When speaking with local customers of the software licensing vendor, Canning has found that business have not identified the business case for virtualisation, which in turn has led to growing disconnect of managing licenses in a virtual environment.
“Virtualisation by nature creates a more fluid and dynamic IT infrastructure, which is the benefit to IT, and businesses have been rapidly moving ahead to virtualise their servers and infrastructure because of all of the IT savings, flexibility and consolidation,” he said.
At the same time, Canning warns that the push to virtualisation increases the exposure of the compliance of licensing agreements and there is a tendency of businesses to use too much.
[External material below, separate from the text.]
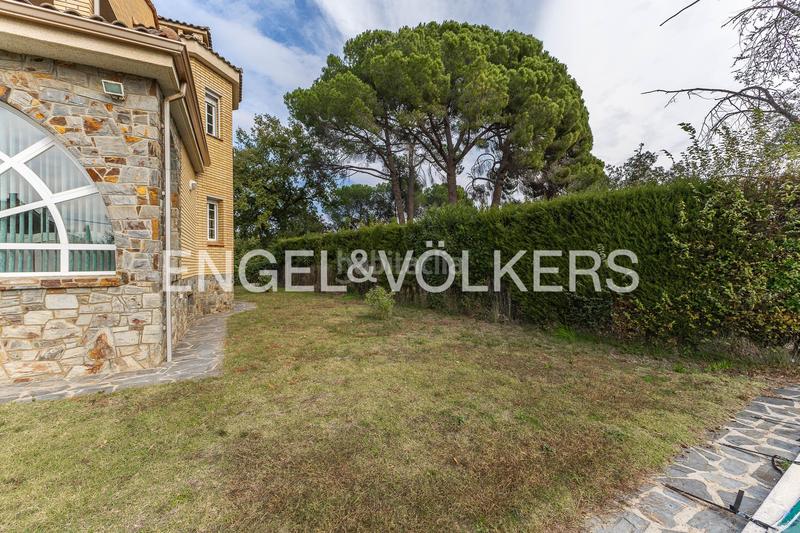 Foto 142fd0fc-a489-4609-9234-18fb83a5b4ad. Maison avec chauffage parking piscine dans Can Font-Ca n'Avellaneda Castellar del Vallès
“You’re out of control from a risk, compliance and spend perspective, even while you are getting the IT benefits,” he said.
For that reason, Canning sees a growing disconnect where people have moved to deploying virtualisation to get the benefits of the technology, yet the knowledge, tools, processes for management software in that environment has lagged behind.
Mobile on the agenda
BYOD is another trend that Canning said is faced with the same dilemma.
“There’s this move to create policies to get more flexibility in terms of what devices people can use,” he said.
However, Canning said there are questions about what that means in terms of how applications get reliably deployed on devices.
“This is while ensuring that the devices are managed in a cost effective way, support the needs of the business and IT in the same cost structure, as the IT is not getting more money to do this,” he said.
Whether it is virtualisation, BYOD or any other key IT development, Canning said it is always a challenge to align the business value of the technology with the ability to control and manage it at the same time.